Innocent also used the powerful weapon of the papal Interdict against France and England. The Interdicts varied with different popes but the main issue usually was the cancellation of all public worship. When this happened in the middle ages it usually created a great impression and brought the person who had incurred the interdict, such as the king, into great disrepute and weakened his position as ruler of the country.
With the dawning of modern intelligence just around the corner, and beginning to raise its head, Innocent went to great lengths to stop it. He created the Mendicant Orders with the express purpose of stopping and purifying the church from the “spirit of modern independence and modern intelligence.”

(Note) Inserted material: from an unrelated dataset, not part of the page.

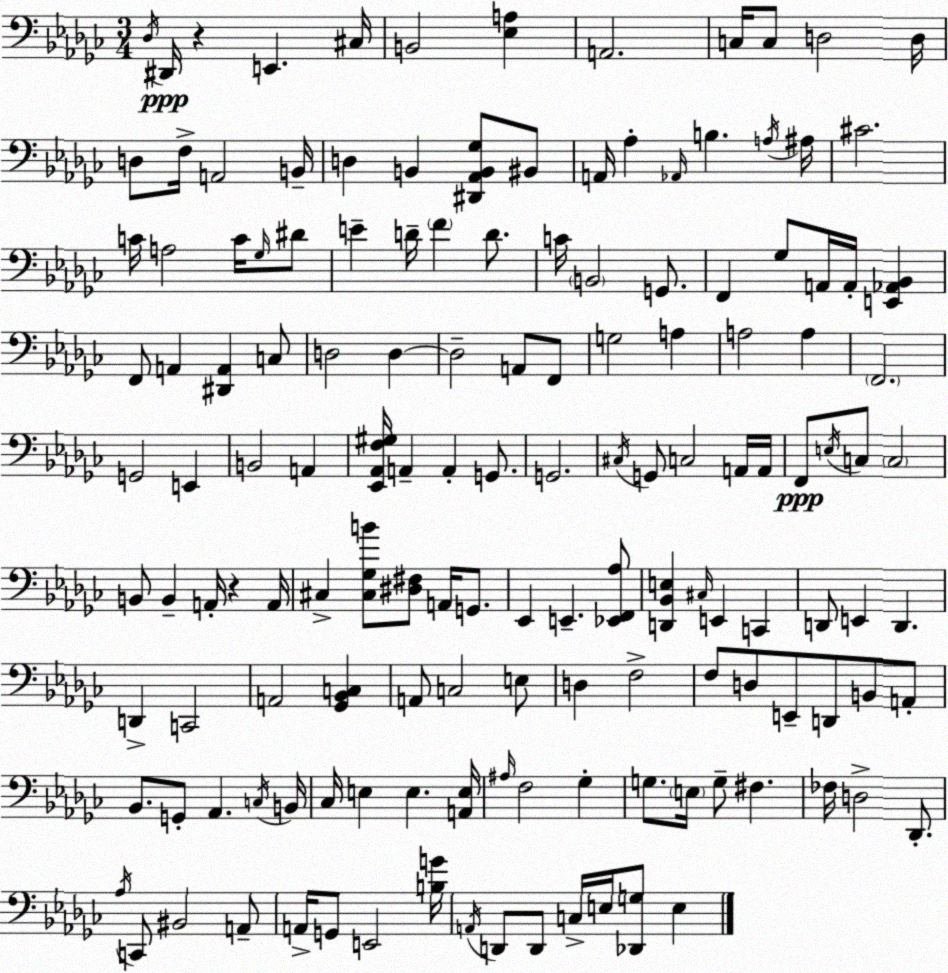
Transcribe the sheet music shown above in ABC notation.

He also wrote letters to the Emperor Alextus with the view of inducing him to acknowledge the See of Rome and thus bring the whole eastern Empire under the papacy. So he constantly strove to bring the entire world to the foot of the pope of Rome. McClintock and Strong note that “His pontificate may be fairly considered to have been the period of the highest power of the Roman See.”9
Nicholas III-?-1280
His name was John Cajetanus and he was born into a noble family. He took the name Nicholas when he became pope. He is known in papal history as Nicholas the Accomplished, because he had a lot of ability. However, he was one of the most ambitious popes who ever sat in the papal chair. His ambition was his undoing. He is known in history as a Nepotist. He worked to bring large sums of money to Rome to build splendid palaces and used his relatives to discharge many duties of his pontificate. They were merely interested in enriching themselves and their families.
One of the sources of his plunder was the Inquisition. He loved the Inquisition and is said to have made much of his large fortune from those who were hauled before it, who were either executed or imprisoned. In either case Nicholas made their possessions his. He was also involved in the massacre of the Sicilian Vespers. So Dante, in his Inferno, puts him head down in hell with his feet on fire.
Boniface VIII 1217-1303
This evil man started his rule in the papal chair by whispering through a hidden tube to the ruling pope, “Celestine, Celestine, lay down your office.” When he did this in response to what he thought was the voice of God he was locked up in prison and starved to death. Boniface claimed he was both pope and emperor. He, as McClintock and Strong note, “carried his schemes for the enlargement of the papal power to the verge of frenzy.”10
He fought with the powerful Colonna family which led him to destroy the city of Palestrina, killing 6,000 citizens. He also issued his famous Bull Unam Sanctam in which he claimed that the Pope was ruler over both spiritual and temporal powers and which enabled him to wear the Triple Tiara signifying such powers.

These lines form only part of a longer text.